Wednesday, August 24, 2016

Geo 889: Stranded Terrace II

A shot from nearby yesterday's, which zooms in a little closer to the small remnant of stranded terrace deposits. I like the framing of the foliage and old man's beard.

Photo unmodified. July 21, 2016. ZoomEarth location.

Tuesday, August 23, 2016

Geo 888: Stranded Terrace Deposits

Overlooking a small cove just north south of Sunset Bay, one can fairly easily spot the buff-colored layer of semi-consolidated sand, about six feet thick, overlying the tilted Eocene beds of the Coaledo Formation. It's a beautiful spot, and a nostalgic one for me. When I was young and hale, I clambered down into this cove a few times; there are some gorgeous sedimentary structures in the strata here. But at this point, with poorer balance and limited endurance, there's no way I'll be down there again unless a decent path is constructed. I have no reason to think that has been, or will be, done. The routes down were precarious, with tree roots and vines, mostly, as the only hand-holds, and the climbs back up were often scary, or worse if I had taken samples (one ten-pound block, in particular, comes to mind).

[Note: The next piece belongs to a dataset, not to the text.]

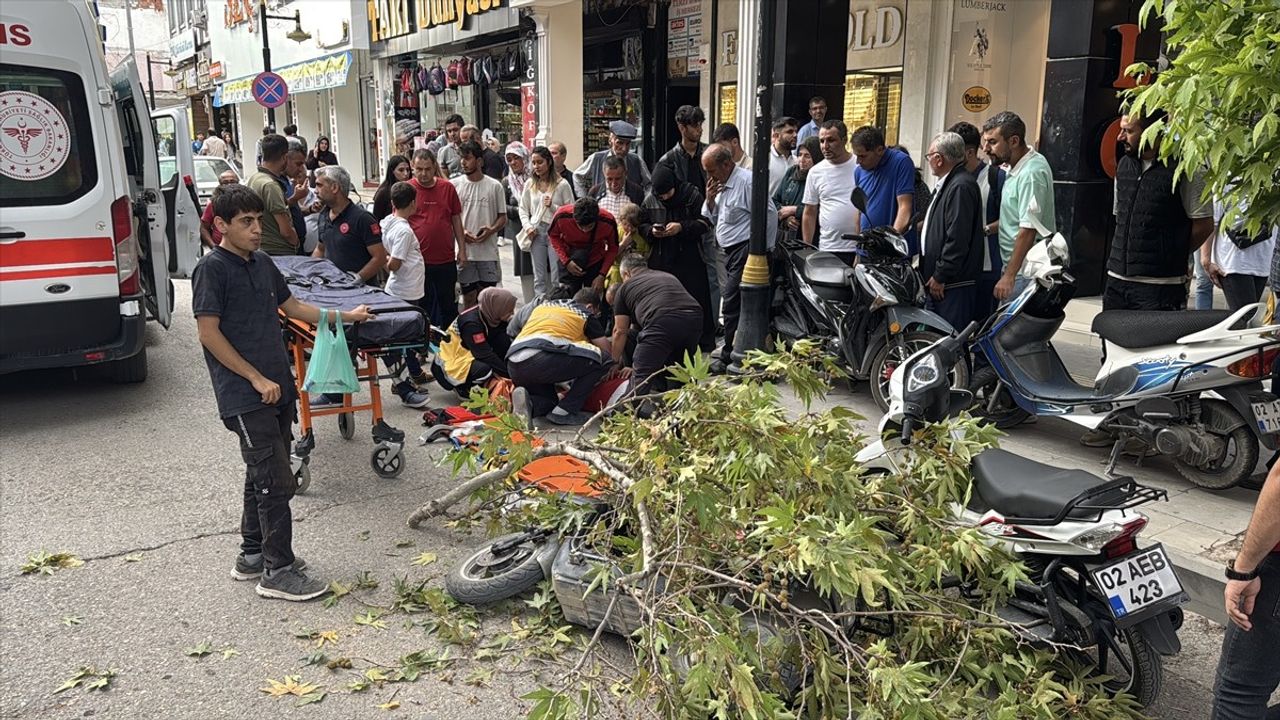 Adıyaman'da Rüzgarın Kırdığı Dal, Motosiklet Sürücüsünü Yaraladı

There's a modest fault running through the cove; this is particularly apparent in the ZoomEarth satellite image. I'm pretty sure the sandstone bed running from the middle toward the lower right is the same as the one on top of the tilted slab on the middle left.

However, the feature the sprang out at me on this trip was the isolated bit of terrace material on top of the anvil to the far right. There a tension between subsidence and uplift in this area. On a scale of millennia, there can be subsidence, as demonstrated by the dead tree stumps on the inner south shore of Sunset Bay. On a longer scale, tens of thousands to millions of years, terraces like this (and six more higher up tentatively identified) clearly show a pattern of tectonic uplift. That little pile of stranded terrace deposits will soon fall as the latest victim to the ongoing ups-and-downs of this area's coastal elevator.

Photo unmodified. July 21, 2016. ZoomEarth location.

Monday, August 22, 2016

Geo 887: Wave Refraction

As an ocean wave approaches shore, it reaches a point where the decreasing water depth causes it to slow and pile up. Wave frequency (number of waves in a period of time) remains more or less unchanged, but wavelength (distance between waves) is shortened, and amplitude (height between crest and trough) increases. Shortened wavelength and increased amplitude finally renders the wave unstable, and it breaks.

The seas on this day at Sunset Bay were quite calm, but the narrow opening to the bay at low tide meant that what waves were coming in off the ocean were well defined. Despite the curvature of the shore, you can see the waves are approaching it nearly perpendicularly across its length (despite the pesky botanical material in the way).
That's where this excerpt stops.